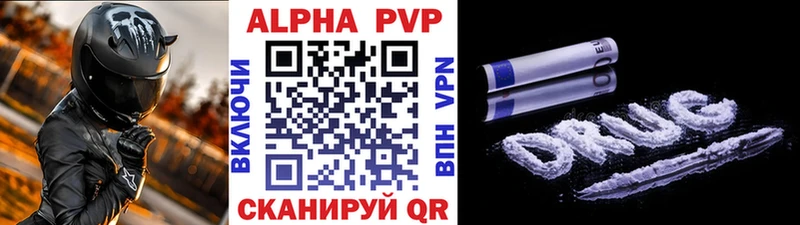 A PVP VHQ  Славск 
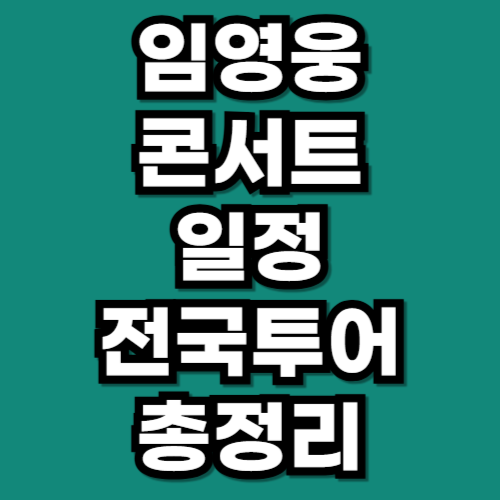 임영웅 콘서트 일정, 전국투어 총정리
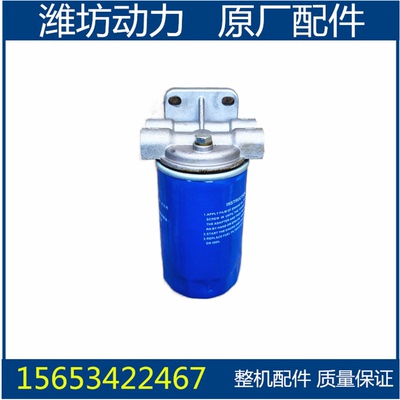 潍坊潍柴华丰R4105 4108 6105 6110 柴油滤清器总成 CX0710B4配件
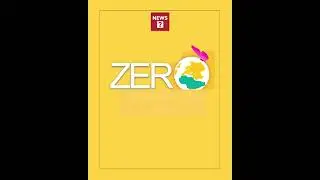 Zero Discrimination Day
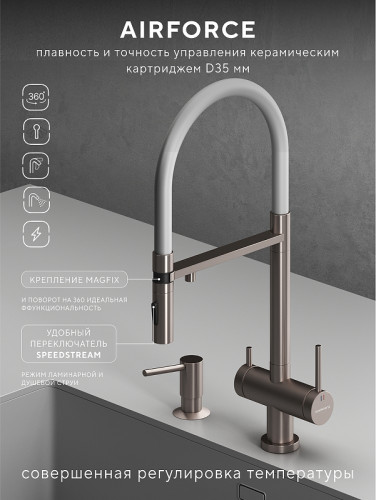 Смеситель для кухни Abelsberg Venta IXF73979BN цвет Титан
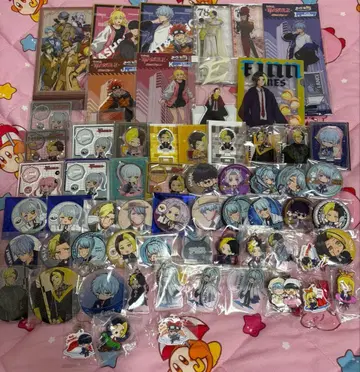 매쉬루 굿즈 묶음 판매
....
■ Work order ■
Restate, word for word, each line from the one with "Смеситель для кухни" to the end of the entries, both included, and keep every picture out.

■ Answer to this problem ■
 Смеситель для кухни Abelsberg Venta IXF73979BN цвет Титан
 매쉬루 굿즈 묶음 판매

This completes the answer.